Pulling his coat closer to him, he stood up from the moldy carpet and climbed out the window. If he was going to get a bus fare, it had to be today.
Wandering through the streets had become his job at this point. Besides picking pockets, passing fruit Stands was his main food source and his quick pocketing skills had served him well. Picking up a small baguette, he calmly strolled away before eating the majority of it. The rest of it should get him through the bus trip if he was lucky.
After breakfast, he quickly got to work finding unsuspecting tourists. Most of them came to the country without knowing the language. If anyone deserved to get rob, it was those idiots. As he worked his way through the crowd, he managed to find a wallet before its owner quickly noticed him. The man immediately tried grabbing his wrist but another passerby accidentally ran into them allowing him to escape, though, without the wallet. As he fled through the crowd, he caught a few curses before getting out of earshot.

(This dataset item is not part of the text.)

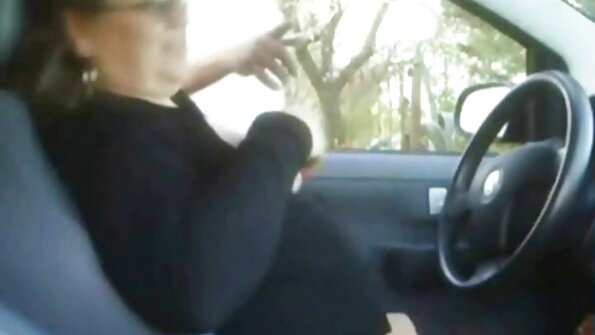 చక్కటి కొవ్వు గాడిదతో వంకర లాటినా పసికందు కంట్లో నింపడం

Five blocks later, he deemed it safe to begin his practice again. Instead of going through the crowd, he decided to choose his target first. As the crowds walked before him, he leaned against the brick wall waiting for the perfect opportunity. After a few minutes, it came in the form of a clearly lost tourist. He looked like he was asking people for directions and his accent suggested Japanese descent. His constant mention of Venezia told him the tourist also bought the wrong ticket. To think, he actually considered helping the man since he knew the language.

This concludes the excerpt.